1. public key(公钥) 和 private key(私钥)
A和B想在网络上安全的交流。A首先运行一个小程序,输入一个密码,小程序生成一对key,分别是公钥和私钥(也就是两串字符,比如公钥是Pubk_A,私钥是Prik_A,当然实际比这要长)。其中私钥是用A的密码加密过的,只有A知道;而公钥是A要公开给大家的,B,C,D都知道。

公钥和私钥有这样一个特点:如果你把信息用公钥加密,那只有这个对应的私钥能解开。

现在如果B要发消息”hello”给A,B先在自己的电脑上用A的公钥来加密这个消息,然后通过网络发给A。因为这个加密的消息只有通过A的私钥才能解密,所以即使是别人(比如C)在消息传播的途中截获了消息,他也没法解密,因为他只有A的公钥,而公钥是不能解密消息的。

2 签名
现在B已经可以放心地把消息发给A了,但A还不放心:他不知道消息是不是来自B的,因为所有人都有A的公钥。于是B除了要对消息(用A的公钥)加密之外,还需要加上签名,过程如下:

B首先对要发的消息进行Hash,得到一串字符,比如”hho”。Hash算法有这样一个特点,对一个输入能够得到一个确定的输出,但是你拿到这个输出,却没法算出它的输入(比如无论谁对”hello”进行Hash,都可以得到”hho”;但是我告诉你我把一串字符进行Hash得到”hho”,你永远不知道这串字符是什么)。然后B用自己的私钥(比如Prik_B)对Hash的结果”hho”进行加密,得到一个签名。这个签名可以用B的公钥(A,C,D都知道)来解密。

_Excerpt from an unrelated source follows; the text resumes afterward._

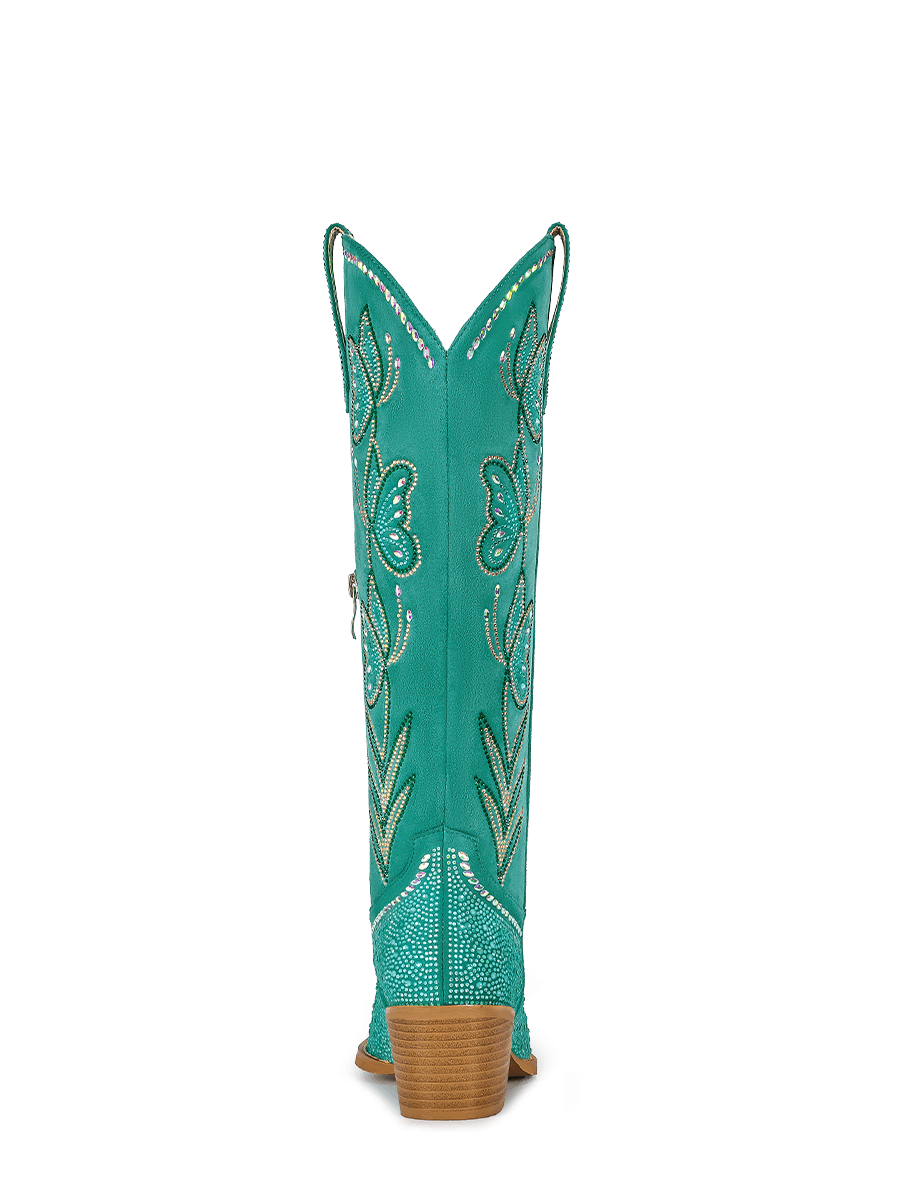 The-luna-turquoise-mid-heel-cowgirl-boots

然后B把这个签名连同刚才用A的公钥加密的消息一起发给A。A首先用自己的私钥Prik_A把消息解密,得到”hello”;然后对消息进行Hash,得到”hho”;然后用B的公钥Pubk_B(所有人都知道B的公钥)对签名解密,发现也得到了”hho”,一致,于是断定消息确实是从B发来的。

上面的过程已经非常安全了: 首先,如果别人(比如C),在网络传输中截获了B发出来的消息和签名,他只能对签名进行解密,得到消息的Hash的结果”hho”,而因为Hash是不可逆的,所以他得不到消息。 第二,如果C想给A发一条消息”fuck you”,想办法让A以为是B发的,这也是不可能的,因为C他不知道B的私钥;A拿着B的公钥对签名解密,会发现得到的签名和A对消息解密后再Hash的结果不一致。

3 公钥的分配
可以看出来上面的过程非常安全了,大家只要记住自己的密码,就可以得到自己的私钥(没人愿意直接记住256位的私钥吧);然后告诉大家自己的公钥,然后就可以安全的交流了(虽然很麻烦)。但如果最开始告诉别人公钥的时候被人做了手脚怎么办呢?于是存在公钥的分配问题。

解决这个问题需要首先存在一个所有人都信任的分配公钥的机构Z(肯定不是中国政府或者cctv),这个机构告诉大家自己的公钥Pubk_z(所有人百分之百确定这个公钥就是Z的),大家也都告诉Z自己的公钥(Z负责确认这些公钥属于各自的主人)。然后Z用上面那一套方法把所有人的公钥分配给大家。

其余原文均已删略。